INTEGRATED SYSTEM FOR THE CULTIVATION OF ALGAE OR PLANTS AND THE PRODUCTION OF ELECTRIC ENERGY

Abstract

An integrated process for the cultivation of algae or plants and the contemporaneous production of electric energy using a system in which a luminescent solar concentrator having a photovoltaic cell positioned on an outer side thereof is interposed between a cultivation area and a radiation source, totally or partially covering the cultivation area.
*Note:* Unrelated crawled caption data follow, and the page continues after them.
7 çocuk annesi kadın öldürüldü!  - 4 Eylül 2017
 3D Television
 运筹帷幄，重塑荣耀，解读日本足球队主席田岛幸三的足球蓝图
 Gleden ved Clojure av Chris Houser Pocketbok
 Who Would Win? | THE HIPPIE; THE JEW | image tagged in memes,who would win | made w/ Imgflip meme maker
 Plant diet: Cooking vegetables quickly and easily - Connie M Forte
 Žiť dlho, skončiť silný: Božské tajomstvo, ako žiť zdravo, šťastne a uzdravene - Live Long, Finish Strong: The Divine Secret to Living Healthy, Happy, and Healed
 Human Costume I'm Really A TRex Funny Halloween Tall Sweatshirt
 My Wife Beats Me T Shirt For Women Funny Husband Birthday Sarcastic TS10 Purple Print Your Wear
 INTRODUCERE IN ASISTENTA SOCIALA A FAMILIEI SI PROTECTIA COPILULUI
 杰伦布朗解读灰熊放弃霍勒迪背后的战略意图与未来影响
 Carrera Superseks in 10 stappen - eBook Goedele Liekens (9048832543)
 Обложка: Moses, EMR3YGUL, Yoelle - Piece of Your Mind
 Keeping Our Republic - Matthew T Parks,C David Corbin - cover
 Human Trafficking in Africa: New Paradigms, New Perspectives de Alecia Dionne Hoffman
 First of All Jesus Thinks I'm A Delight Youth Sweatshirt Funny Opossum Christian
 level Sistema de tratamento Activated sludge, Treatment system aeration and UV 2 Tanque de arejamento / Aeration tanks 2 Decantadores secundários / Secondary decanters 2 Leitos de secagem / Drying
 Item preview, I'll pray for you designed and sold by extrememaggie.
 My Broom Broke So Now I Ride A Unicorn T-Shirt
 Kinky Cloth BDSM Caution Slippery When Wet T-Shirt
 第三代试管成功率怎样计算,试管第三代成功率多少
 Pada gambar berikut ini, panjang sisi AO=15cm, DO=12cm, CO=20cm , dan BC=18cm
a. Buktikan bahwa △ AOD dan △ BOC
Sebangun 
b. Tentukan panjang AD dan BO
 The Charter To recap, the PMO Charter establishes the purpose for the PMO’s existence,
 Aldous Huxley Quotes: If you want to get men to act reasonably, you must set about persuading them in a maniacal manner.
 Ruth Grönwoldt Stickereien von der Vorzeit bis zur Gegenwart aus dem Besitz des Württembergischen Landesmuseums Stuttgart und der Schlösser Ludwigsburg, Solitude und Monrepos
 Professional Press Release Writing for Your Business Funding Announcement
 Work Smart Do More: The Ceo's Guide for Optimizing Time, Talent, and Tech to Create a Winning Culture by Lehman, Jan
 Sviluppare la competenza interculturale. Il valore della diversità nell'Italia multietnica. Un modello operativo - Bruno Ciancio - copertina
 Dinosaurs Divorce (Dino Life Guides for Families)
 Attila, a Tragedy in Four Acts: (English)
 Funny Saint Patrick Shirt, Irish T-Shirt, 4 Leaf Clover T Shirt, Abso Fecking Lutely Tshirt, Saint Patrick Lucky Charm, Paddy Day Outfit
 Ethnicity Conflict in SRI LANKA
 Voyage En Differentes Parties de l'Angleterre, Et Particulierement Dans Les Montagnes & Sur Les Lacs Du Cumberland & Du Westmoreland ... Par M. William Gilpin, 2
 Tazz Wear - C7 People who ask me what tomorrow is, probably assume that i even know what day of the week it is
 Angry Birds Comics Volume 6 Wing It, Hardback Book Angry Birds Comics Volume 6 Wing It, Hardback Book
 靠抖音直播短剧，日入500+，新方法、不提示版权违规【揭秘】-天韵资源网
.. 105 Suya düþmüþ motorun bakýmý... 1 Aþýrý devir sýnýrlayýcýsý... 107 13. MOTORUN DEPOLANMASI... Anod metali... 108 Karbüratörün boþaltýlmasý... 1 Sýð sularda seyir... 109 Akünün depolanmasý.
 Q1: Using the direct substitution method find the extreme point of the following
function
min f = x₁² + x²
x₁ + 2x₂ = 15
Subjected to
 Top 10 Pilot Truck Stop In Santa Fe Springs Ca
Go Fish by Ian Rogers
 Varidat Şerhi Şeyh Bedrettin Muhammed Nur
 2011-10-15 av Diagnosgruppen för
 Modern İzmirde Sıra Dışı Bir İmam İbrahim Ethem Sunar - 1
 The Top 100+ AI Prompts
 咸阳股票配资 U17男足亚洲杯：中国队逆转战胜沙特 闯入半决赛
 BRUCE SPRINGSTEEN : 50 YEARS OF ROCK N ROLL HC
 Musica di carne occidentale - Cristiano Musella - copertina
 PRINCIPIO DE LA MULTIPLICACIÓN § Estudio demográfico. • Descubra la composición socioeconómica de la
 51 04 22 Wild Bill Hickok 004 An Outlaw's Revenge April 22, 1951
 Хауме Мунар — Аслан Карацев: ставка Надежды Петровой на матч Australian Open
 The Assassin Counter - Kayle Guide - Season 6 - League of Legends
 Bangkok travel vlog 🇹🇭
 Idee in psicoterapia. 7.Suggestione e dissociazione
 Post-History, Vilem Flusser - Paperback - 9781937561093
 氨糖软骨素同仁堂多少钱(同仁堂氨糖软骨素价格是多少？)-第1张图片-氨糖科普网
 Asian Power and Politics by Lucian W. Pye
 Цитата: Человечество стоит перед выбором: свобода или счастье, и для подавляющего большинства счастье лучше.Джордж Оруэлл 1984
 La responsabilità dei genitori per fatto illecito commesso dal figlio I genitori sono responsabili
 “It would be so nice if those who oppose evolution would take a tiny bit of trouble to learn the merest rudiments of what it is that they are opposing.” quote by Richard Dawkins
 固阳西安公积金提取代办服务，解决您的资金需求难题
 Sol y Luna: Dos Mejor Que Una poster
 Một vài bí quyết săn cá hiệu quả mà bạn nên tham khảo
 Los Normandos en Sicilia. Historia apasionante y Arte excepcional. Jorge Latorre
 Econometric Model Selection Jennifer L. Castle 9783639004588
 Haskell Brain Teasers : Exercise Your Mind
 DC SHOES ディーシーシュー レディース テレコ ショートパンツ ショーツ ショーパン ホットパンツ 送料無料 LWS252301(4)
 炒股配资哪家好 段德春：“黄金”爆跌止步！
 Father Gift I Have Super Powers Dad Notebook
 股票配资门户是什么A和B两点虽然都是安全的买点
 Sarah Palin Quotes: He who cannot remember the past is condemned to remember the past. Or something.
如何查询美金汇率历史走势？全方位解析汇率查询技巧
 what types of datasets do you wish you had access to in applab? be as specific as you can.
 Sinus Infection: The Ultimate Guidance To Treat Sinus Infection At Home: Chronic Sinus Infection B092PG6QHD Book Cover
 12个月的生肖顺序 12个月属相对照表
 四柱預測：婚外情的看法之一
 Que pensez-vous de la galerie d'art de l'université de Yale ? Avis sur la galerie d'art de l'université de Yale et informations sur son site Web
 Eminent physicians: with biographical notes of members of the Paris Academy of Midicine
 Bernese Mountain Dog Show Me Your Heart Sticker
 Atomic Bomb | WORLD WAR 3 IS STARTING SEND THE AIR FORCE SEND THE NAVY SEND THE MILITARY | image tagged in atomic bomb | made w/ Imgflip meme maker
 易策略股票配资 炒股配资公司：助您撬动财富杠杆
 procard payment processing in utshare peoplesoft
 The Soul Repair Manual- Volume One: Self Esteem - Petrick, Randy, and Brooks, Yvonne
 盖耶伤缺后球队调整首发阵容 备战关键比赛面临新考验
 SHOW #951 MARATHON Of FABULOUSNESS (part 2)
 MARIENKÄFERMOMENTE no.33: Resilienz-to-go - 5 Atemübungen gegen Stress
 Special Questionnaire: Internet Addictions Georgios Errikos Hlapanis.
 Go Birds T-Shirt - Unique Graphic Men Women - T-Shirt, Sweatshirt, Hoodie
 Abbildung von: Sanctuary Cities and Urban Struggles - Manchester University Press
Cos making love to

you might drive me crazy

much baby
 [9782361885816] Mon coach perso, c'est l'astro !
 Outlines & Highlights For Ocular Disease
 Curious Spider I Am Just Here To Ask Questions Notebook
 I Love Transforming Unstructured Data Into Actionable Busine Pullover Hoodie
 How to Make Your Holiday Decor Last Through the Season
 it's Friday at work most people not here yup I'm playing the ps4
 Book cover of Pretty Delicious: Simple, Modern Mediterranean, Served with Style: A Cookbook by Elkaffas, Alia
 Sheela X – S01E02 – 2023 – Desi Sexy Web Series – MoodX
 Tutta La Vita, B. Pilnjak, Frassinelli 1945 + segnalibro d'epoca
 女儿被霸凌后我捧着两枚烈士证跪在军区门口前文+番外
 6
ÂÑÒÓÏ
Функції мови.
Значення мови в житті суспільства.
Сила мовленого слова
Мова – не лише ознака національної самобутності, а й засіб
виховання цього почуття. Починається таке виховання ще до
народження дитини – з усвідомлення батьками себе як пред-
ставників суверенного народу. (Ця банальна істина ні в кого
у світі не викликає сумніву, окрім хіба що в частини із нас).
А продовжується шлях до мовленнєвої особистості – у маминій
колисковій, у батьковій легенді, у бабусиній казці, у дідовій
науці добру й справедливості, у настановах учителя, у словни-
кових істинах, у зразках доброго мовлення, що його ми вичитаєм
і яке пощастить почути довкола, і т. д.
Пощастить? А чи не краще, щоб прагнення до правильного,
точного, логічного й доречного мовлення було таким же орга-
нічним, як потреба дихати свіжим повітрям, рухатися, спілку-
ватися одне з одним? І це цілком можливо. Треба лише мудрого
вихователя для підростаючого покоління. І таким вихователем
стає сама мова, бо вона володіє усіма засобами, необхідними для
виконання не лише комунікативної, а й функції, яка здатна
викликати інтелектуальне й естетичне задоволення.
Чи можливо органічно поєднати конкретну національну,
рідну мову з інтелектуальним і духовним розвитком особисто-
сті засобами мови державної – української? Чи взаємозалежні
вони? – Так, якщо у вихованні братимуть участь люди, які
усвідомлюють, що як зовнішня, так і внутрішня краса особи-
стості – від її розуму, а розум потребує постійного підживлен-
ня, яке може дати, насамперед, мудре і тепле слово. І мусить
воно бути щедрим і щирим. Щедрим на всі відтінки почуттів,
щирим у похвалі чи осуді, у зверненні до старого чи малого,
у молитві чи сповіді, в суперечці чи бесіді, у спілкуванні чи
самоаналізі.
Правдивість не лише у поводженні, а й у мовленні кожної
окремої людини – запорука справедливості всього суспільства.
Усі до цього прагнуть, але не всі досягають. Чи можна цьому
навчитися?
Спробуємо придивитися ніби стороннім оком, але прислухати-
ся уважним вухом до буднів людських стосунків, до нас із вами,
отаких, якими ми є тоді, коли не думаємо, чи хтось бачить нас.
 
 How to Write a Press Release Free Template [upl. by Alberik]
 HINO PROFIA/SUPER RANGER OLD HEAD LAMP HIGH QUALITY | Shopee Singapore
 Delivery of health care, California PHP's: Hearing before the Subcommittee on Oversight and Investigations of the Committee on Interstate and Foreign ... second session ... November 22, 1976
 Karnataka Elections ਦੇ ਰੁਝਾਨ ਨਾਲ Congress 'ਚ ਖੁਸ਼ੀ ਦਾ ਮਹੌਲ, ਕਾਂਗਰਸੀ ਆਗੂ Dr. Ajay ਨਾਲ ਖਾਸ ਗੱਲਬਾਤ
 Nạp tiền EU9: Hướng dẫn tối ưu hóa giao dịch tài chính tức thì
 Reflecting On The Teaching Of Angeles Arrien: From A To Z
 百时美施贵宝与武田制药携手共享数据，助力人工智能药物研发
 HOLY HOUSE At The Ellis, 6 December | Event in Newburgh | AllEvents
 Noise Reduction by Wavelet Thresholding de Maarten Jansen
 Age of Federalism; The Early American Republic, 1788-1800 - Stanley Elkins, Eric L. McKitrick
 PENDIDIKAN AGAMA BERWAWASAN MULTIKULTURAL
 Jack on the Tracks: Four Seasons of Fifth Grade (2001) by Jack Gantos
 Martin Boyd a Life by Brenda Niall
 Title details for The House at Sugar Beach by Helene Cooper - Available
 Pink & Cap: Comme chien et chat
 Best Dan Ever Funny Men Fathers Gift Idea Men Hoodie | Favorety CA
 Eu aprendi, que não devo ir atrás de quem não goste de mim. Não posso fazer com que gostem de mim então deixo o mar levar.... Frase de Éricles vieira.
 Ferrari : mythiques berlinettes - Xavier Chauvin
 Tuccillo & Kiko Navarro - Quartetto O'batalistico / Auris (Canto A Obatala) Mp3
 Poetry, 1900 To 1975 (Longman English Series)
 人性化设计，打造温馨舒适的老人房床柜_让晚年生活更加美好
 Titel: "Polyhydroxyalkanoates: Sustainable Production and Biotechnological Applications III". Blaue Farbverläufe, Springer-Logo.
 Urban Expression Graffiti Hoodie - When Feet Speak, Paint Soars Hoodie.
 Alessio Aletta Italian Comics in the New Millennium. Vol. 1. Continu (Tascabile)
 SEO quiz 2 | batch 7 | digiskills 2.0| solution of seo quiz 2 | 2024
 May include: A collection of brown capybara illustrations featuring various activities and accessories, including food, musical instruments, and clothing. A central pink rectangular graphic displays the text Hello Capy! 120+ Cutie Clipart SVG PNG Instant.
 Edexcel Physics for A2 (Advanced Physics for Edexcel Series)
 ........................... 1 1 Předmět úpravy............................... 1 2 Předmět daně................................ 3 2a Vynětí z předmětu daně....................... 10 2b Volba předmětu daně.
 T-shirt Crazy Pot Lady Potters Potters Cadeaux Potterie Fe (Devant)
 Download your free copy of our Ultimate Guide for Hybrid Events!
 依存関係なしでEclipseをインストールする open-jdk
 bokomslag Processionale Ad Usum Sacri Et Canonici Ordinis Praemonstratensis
The electric energy recovered from the photovoltaic cell is used in the cultivation of the algae or plants.

Claims

1. An integrated process for the contemporaneous cultivation of plants and the production of electric energy from the same radiation source, the process comprising: cultivating the plants by exposing them to said radiation source in a cultivation area comprising at least one luminescent solar concentrator comprising at least one photovoltaic cell positioned on at least one outer side thereof, said at least one luminescent solar concentrator being interposed between said cultivation area and said radiation source so as to totally or partially cover said cultivation area, to thereby obtain the plants and the electric energy; recovering the plants from the cultivation area; and recovering the electric energy from the at least one photovoltaic cell; wherein: the cultivation area is a greenhouse; and the electric energy recovered from the at least one photovoltaic cell is used in the cultivation of the plants, wherein the luminescent solar concentrator comprises at least one photoluminescent compound having an absorption range within the range of solar irradiation, capable of activating photosynthesis at a photosynthetically active radiations (PARs) of 400 nm to 700 nm and an emission range capable of activating the photovoltaic cell, wherein said emission range is superimposable with respect to a maximum quantum efficiency area of the photovoltaic cell, wherein the luminescent solar concentrator further comprises a matrix made of transparent material selected from: transparent polymers and transparent glass, and wherein the at least one photoluminescent compound is present in or on the matrix of transparent material in an amount ranging from 0.1 g per surface unit to 5 g per surface unit, said surface unit referring to a surface of the matrix expressed as m.sup.2, wherein said process obtains the plants and the electric energy without negatively interfering with the growth of the plants.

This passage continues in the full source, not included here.